Sentir como el sol pierde fuerza tras el horizonte y la noche de luna roja comienza a señorear en el cielo, justo en ese instante, zambullirse en el agua cristalina, casi límpida, con dos, tres cuatro bañistas más en el agua. Inspirar hondo, muy hondo.
Notar como el frescor del mar cubre los tobillos, las rodillas, la cintura, el pecho, la cabeza… Y casi se puede escuchar el crepitar de la piel ardiente al entrar en contacto con el agua. Y con ese atemperamiento del cuerpo parece también atemperarse un tanto el espíritu… Aflojar, soltar, soltar…
Incluso en los días más largos, esa zambullida resulta un sortilegio. Conjuro capaz de activar esas partes olvidadas de tu mente, de ayudarte a reconectar con la vida a base de dermis.
Me sumerjo, cierro los ojos, permanezco un rato ahí, rodeado de los sonidos amortiguados. Cuando salgo de nuevo, la luz es algo más tenue que antes, el cielo un tanto más oscuro. Ya no quedan bañistas en el agua. Dos niños se secan rápido en la orilla. El mar se vuelve negro, la luna, cada vez más roja.

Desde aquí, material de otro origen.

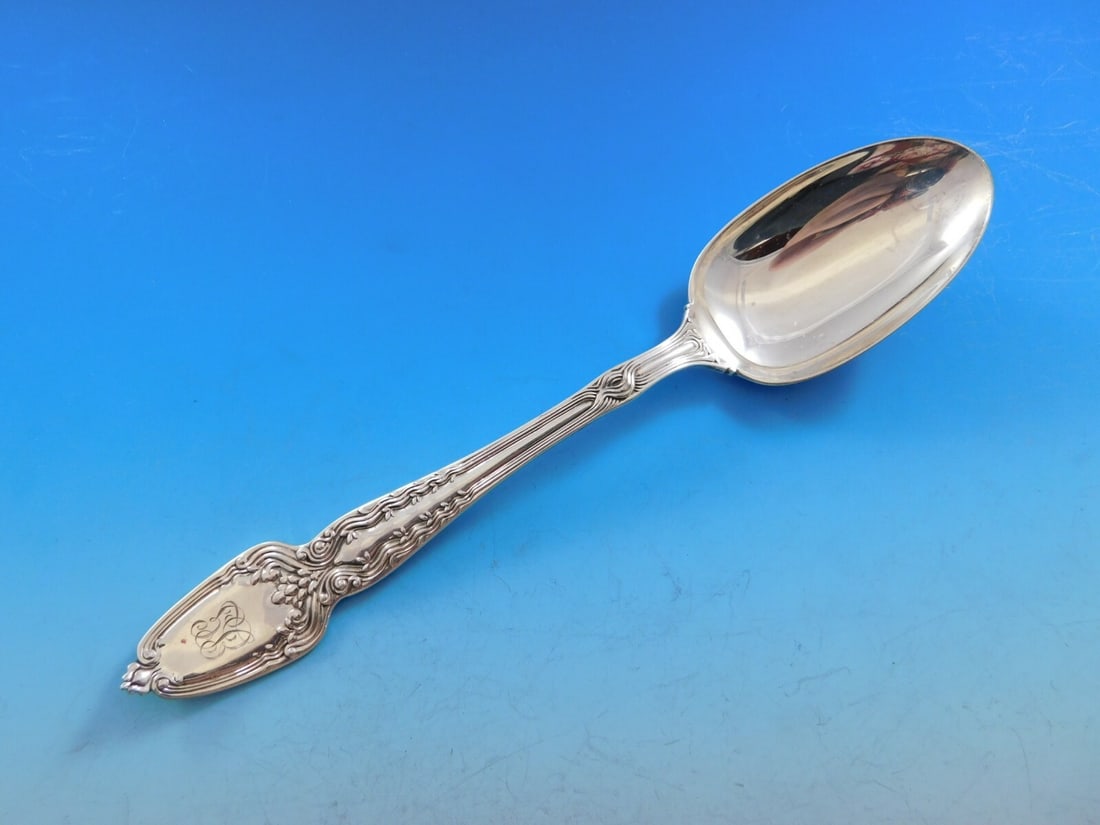 Tiffany & Co. Broomcorn Sterling Silver Serving Spoon 8.5" Monogrammed (1 of 4)
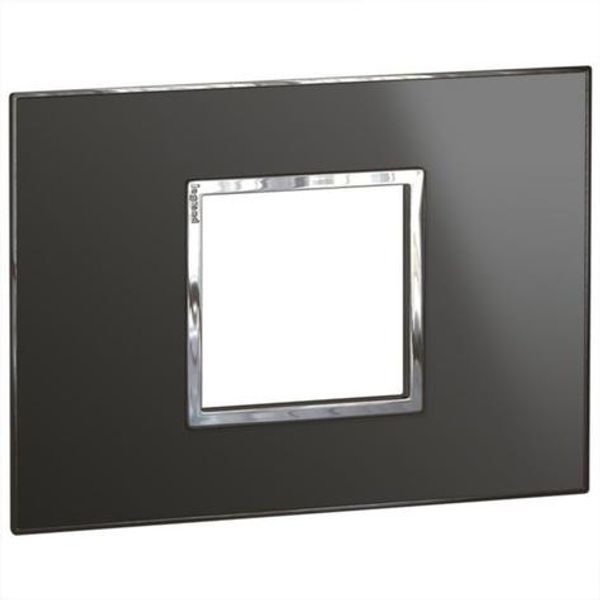 Arteor™ - Italian / US standard plate square version 2 modules - Reflective Metal - Black image 1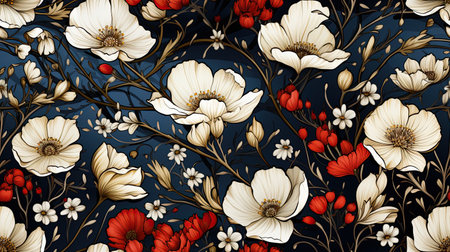 This digital image showcases a beautiful floral pattern with twisted branches and white color grades. The vibrant stage backdrops and lively interiors make it a perfect fit for rebellious crafts. The image is inspired by the works of Evelyn De Morgan and Morris Hirshfield.の素材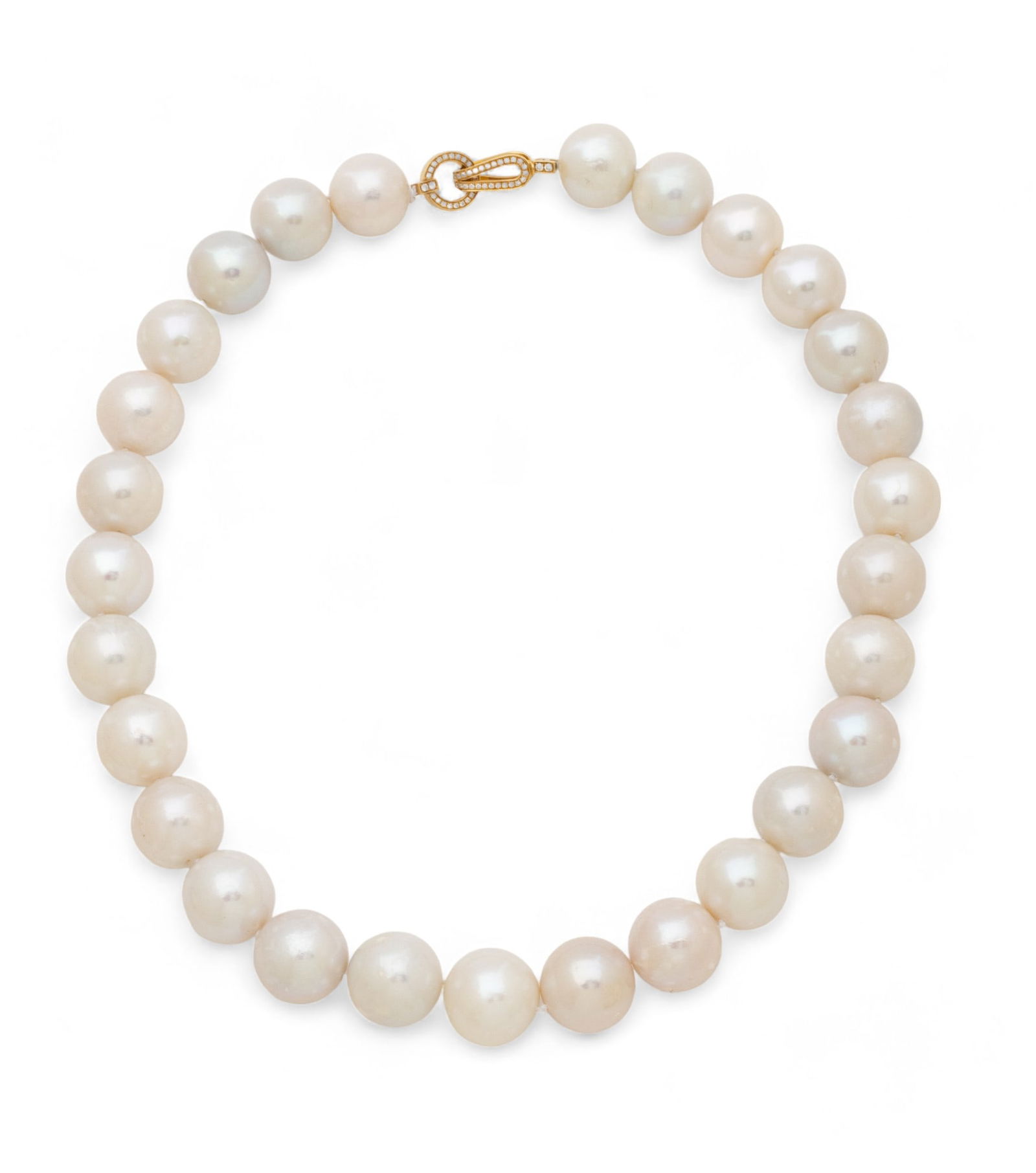 South Sea Pearl (14.5mm-15.5mm) Necklace, 18kt Gold & 0.24ct Diamond Clasp, L 18" 134g (1 of 5)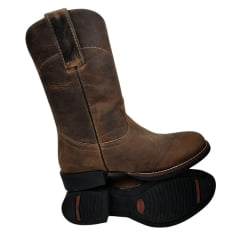 Bota Country Masculina Garotti Bico Redondo Cano Médio Couro Excalibur Red Brown - Sola Preta REF: 307 COD: 1512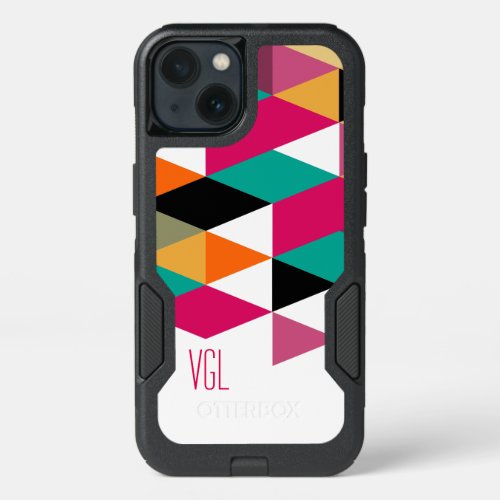 Trendy Modern Colorful Geometric Pattern iPhone 13 Case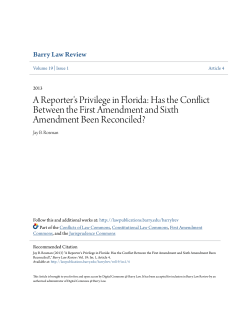 A Reporter`s Privilege in Florida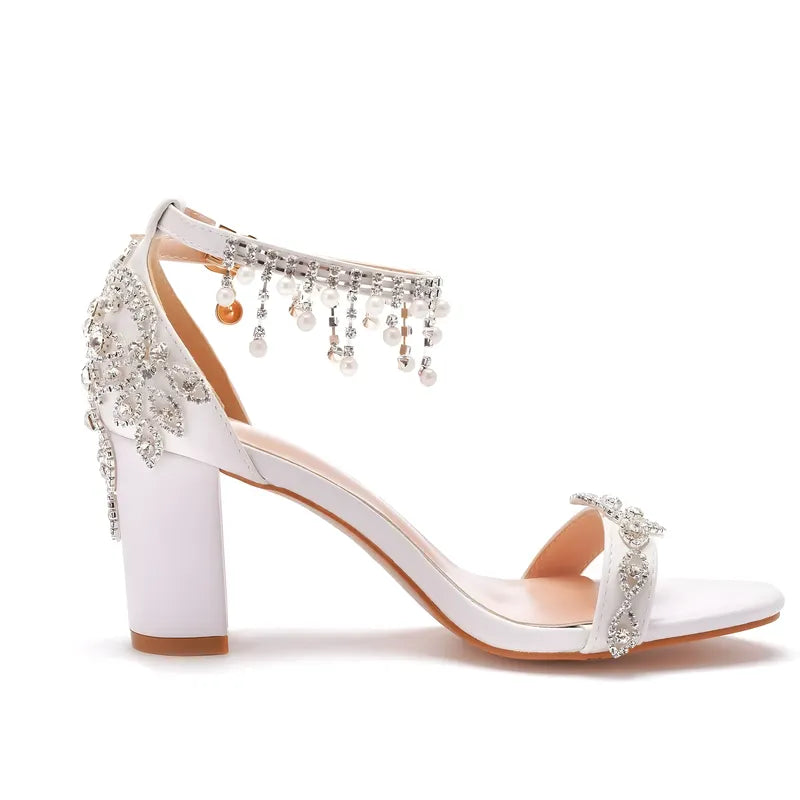 Sandales mariage ivoire strass femme, ornements scintillants pour cérémonie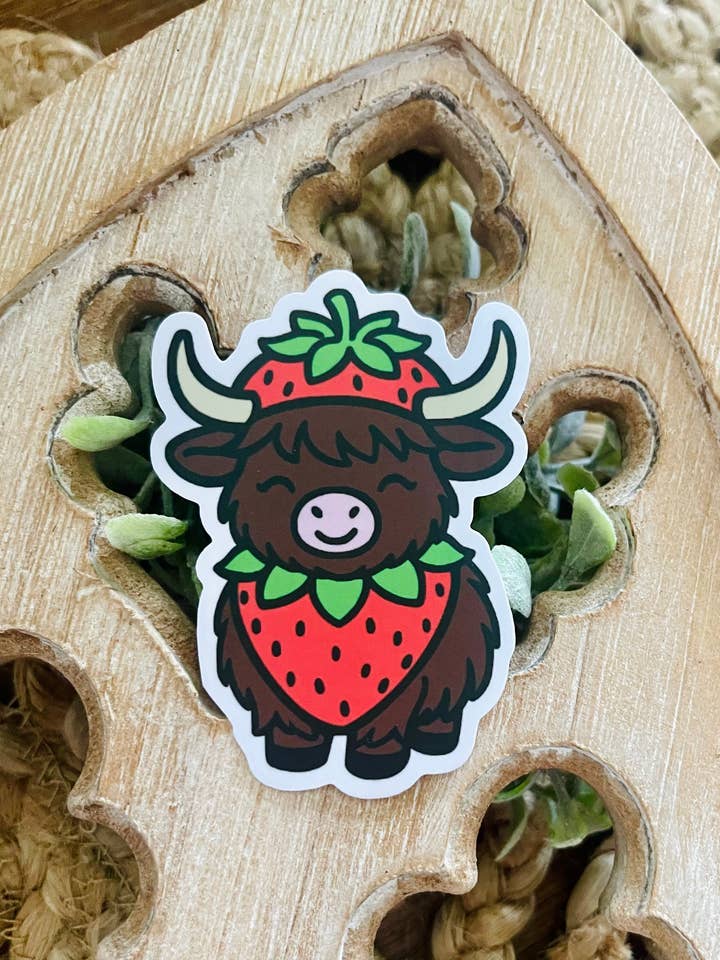 Strawberry Highland Cow Vinyl Sticker for wholesale by Scents & Shenanigans Co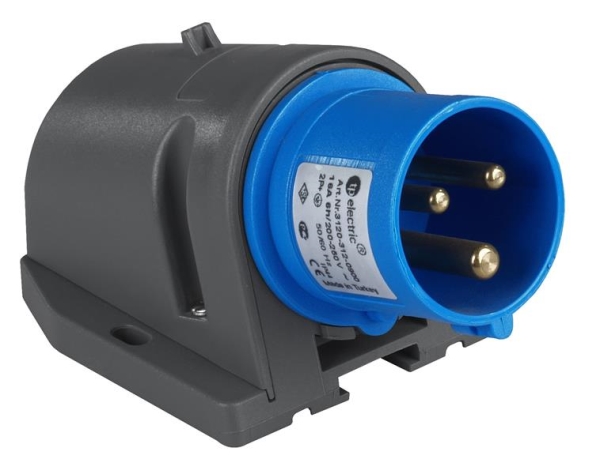 Prise CEE mâle murale 3 x 32A 220 - 240Vac Bleu IP44 avec raccords à visser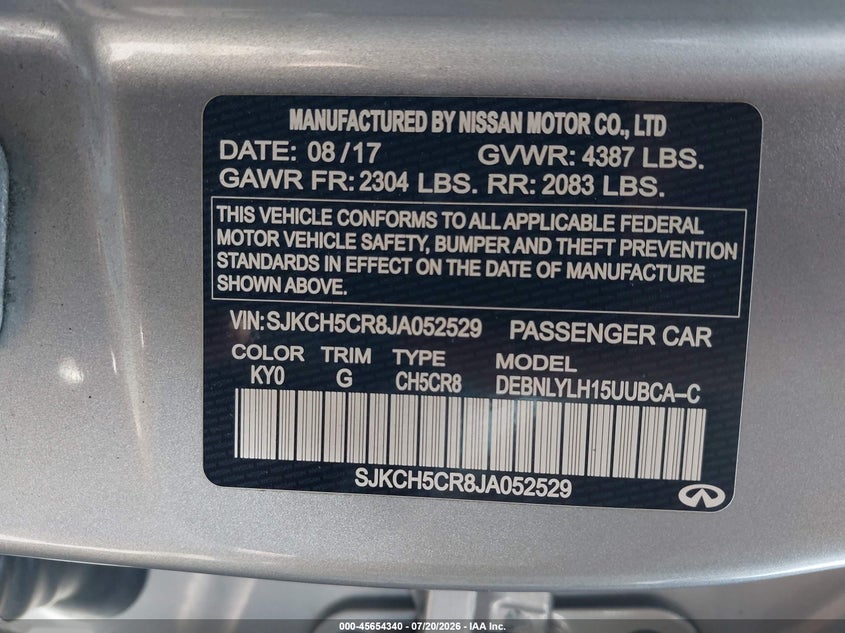 2018 Infiniti Qx30 Premium VIN: SJKCH5CR8JA052529 Lot: 45654340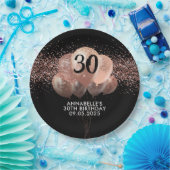 Assiettes En Carton Rose noir Parties scintillant or étincelante Ballo (Fête)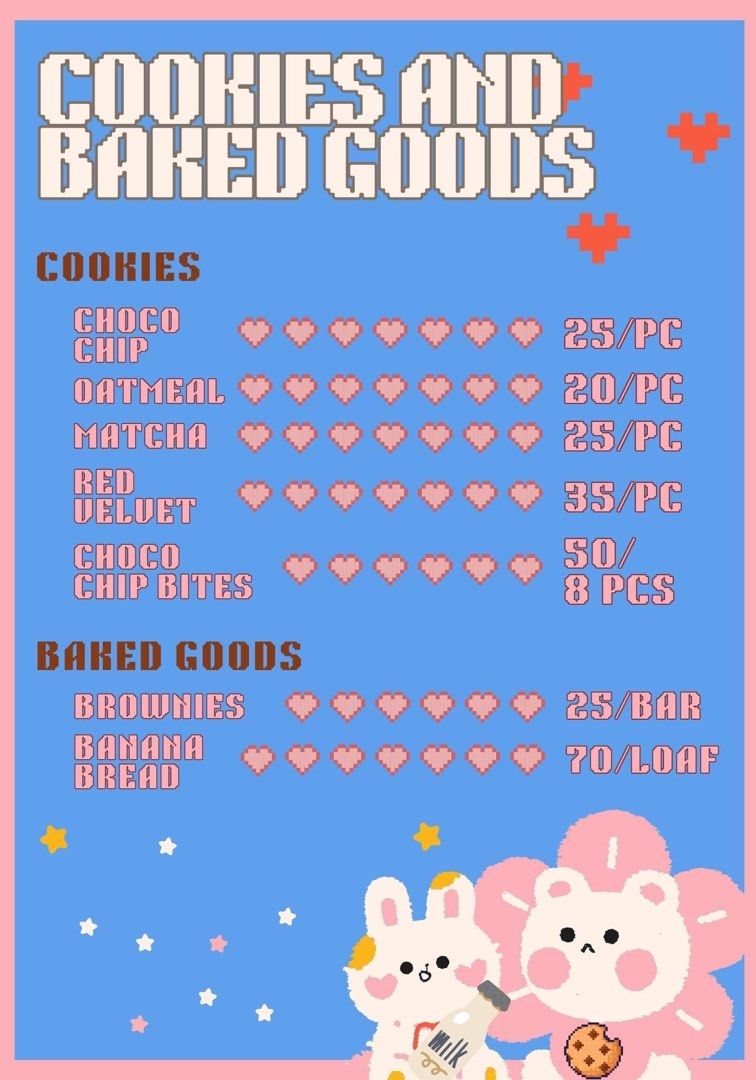 COOKIES BROWNIES AND BANANA BREAD (Category: Other Food & Drinks) located in Manila. Submitted by ohmamarge (Listing ID 1233054737, Image 1). Description: See first picture for price list. Soft and chewy cookies. Mapapa-“I want more” ka sa sarap. Please buy from me. ❤️.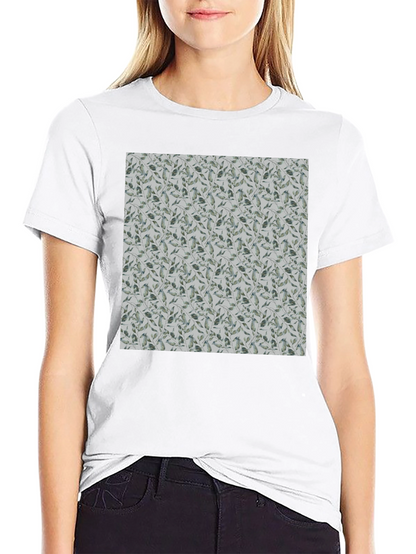 Leaf Pattern Crew Neck T-Shirt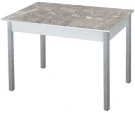 Альфа фотопечать стол обеденный раздвижной / серый мрамор/бетон белый/металлик Альфа фотопечать стол обеденный раздвижной / серый мрамор/бетон белый/металлик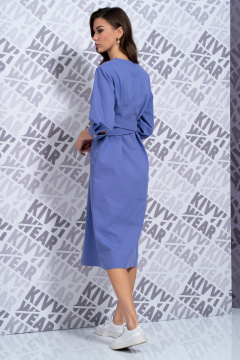 Платье из джинсового текстиля с V-вырезом и разрезом Kivviwear 4164.03 - фото 5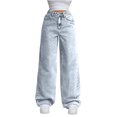 thumbnail image 3 of CHCNHAC Jeans à Jambe Grand pour Femmes 2025 Taille Haute Extensibles Jeans à Jambe Droite Mode à Coutures devant Pantalon en Denim Ample Rétro Y2k, 3 of 5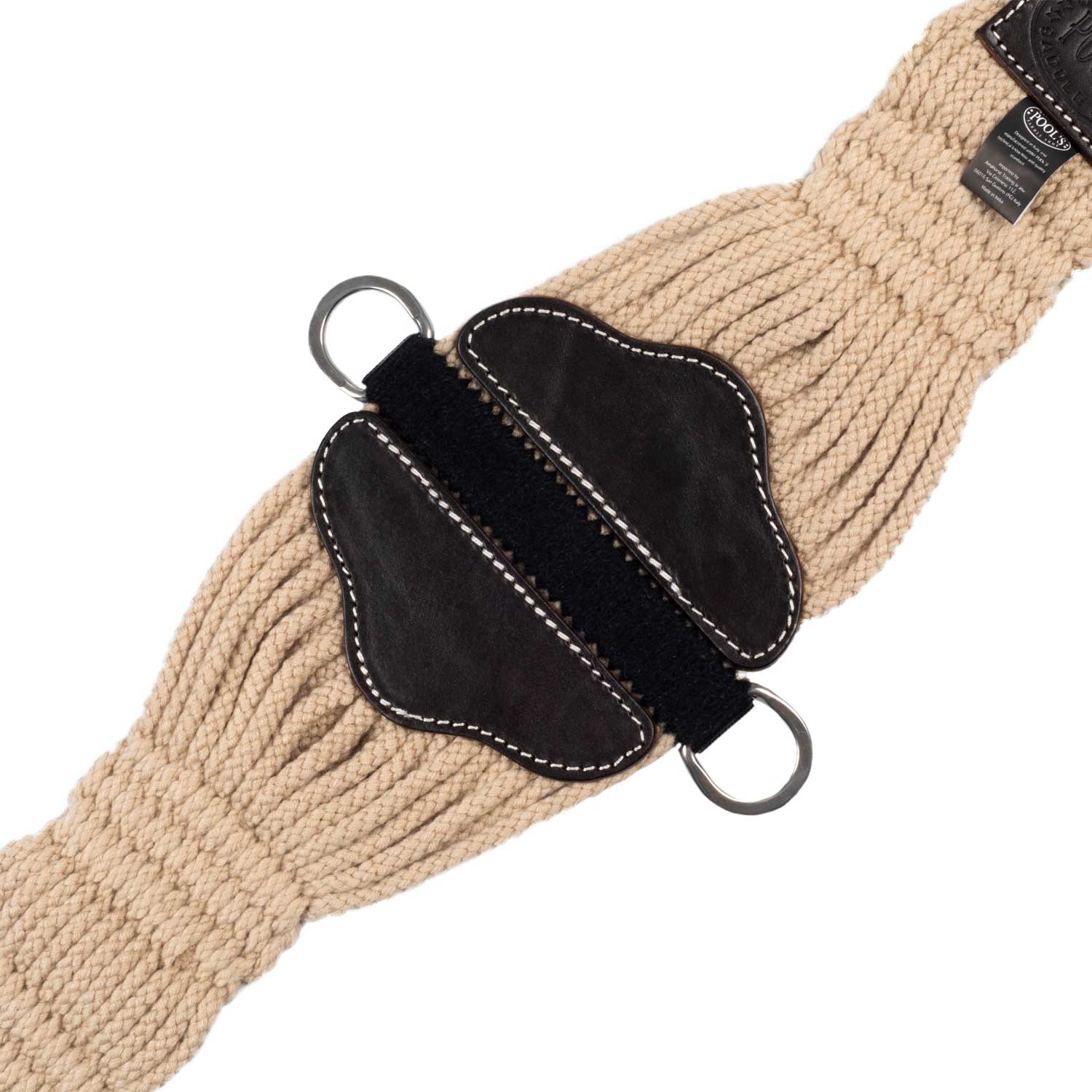 Mohair western string girth Pool's in mohair, natural / black / brown - 5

A las ocho en La Bajadilla es una de nuestras citas ineludibles. Una cita con el verano para los veranófobos como un servidor, una cita con la vida, una cita que deja lo urgente a un lado para centrarse en lo importante, una cita que te saca del tráfago de las rutinas laborales para situarte en un punto mejor en el mundo, un punto que te permite ver las cosas de diferente manera.
Es el poder del mar y el poder del atardecer, de sus aromas y perfumes, del salitre y las brasas de los espeteros, de la crema para el sol y de cierto recuerdo de algas olvidadas, del rumor de los barcos que entran y salen por la bocana del puerto, de las luces parpadeantes de una ciudad que parece rendirse a la evidencia de lo realmente hermoso, de la proximidad del continente africano al alcance de la mano.
Es probable que hoy o mañana, pasado, me encuentres allí, a las ocho en La Bajadilla, tantas veces acompañado por una gitana vikinga y una marbellera de la calle Ancha, o quizá por Miriam o Nacho o Javitxu, o Juana oteando desde El Varadero. A las ocho en La Bajadilla.